That way one could have an open terminal and just have that running. Possibly add some trigger to make the system beep…or play an audio file (ringtone). Or make the Dreamcatcher screen flash…

Hell. I don’t even know where exactly the APRS messages file is on the device or if it’s plaintext or XML or something.

I got out of computer long ago and can’t code for shit.

But I do get the concept and know it can be done. I just need help.

Let me know if you throw something together. I’d love to see and re-learn.

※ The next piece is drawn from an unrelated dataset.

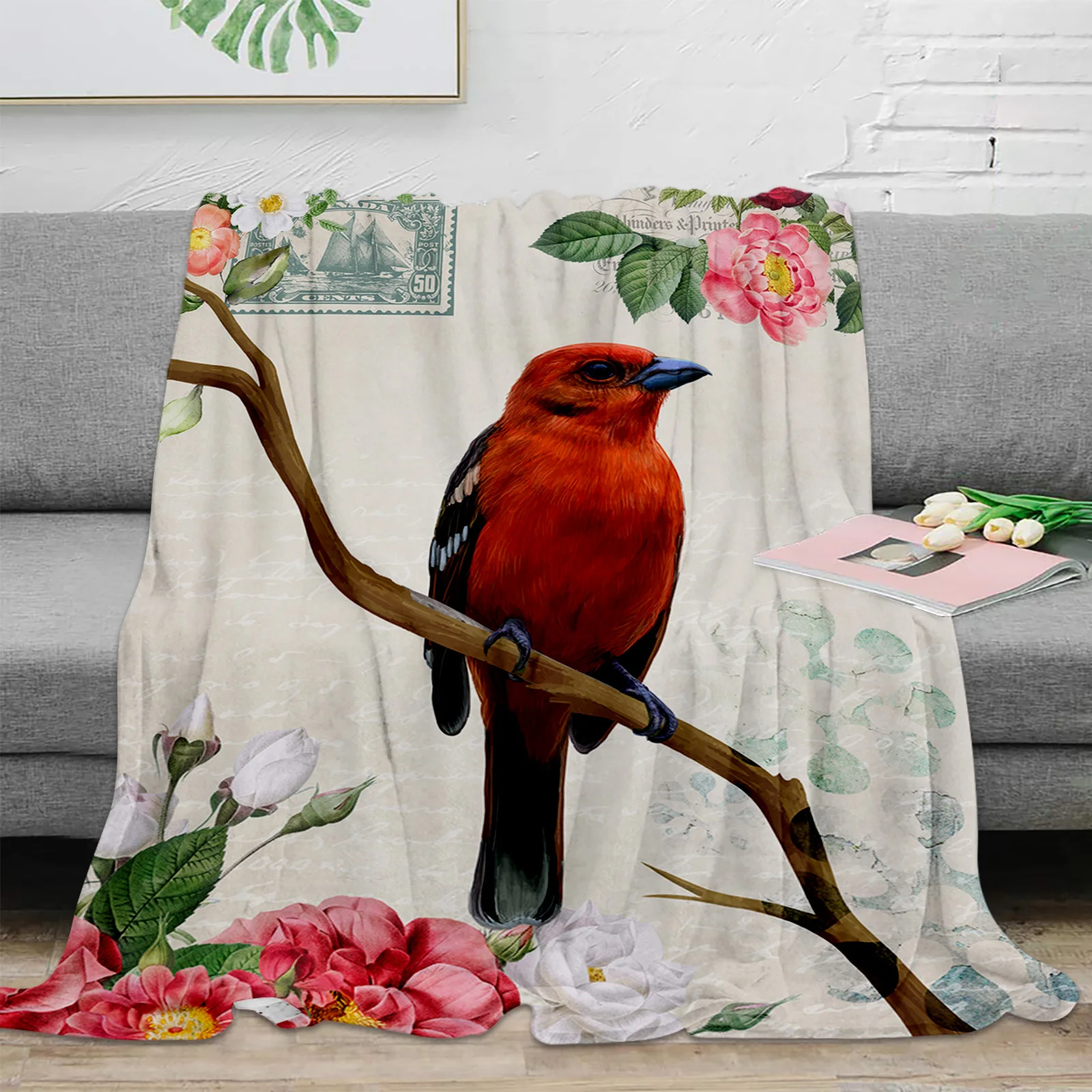 

Vintage Flowers And Birds Throw Blanket Warm Plush Blankets Portable Travel Camping Picnic Blanket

Or @Abhishek to code in some filter options for us in the APRS Messaging area.

Regards,
-liam

This is exactly the kinda use case for which the API was created. You can get all the aprs messages by just making an http call to

http://(Dreamcatcher ip address)/DIRECT/getAPRS

It returns JSON, which you should be able to parse using something like jq

(unrelated, there a similar api for tuner stats http://(Dreamcatcher ip address)/DIRECT/getTunerStatus )

2 Likes

So this was my poor attempt at trying to do what I want to do.

I did find the APRS messages… a folder filled with .TXT, not just one .TXT.

/mnt/downloads/Amateur Radio/APRS/APRSAT

Tried this… but it wasn’t working great and I’m sure my syntax is wrong and there is a better way to do this.

There has to be a better way. @Abhishek

-liam

use the API I mentioned above.

1 Like

Wow. Ok. Was this published somewhere and I just missed it? Is there a complete command list?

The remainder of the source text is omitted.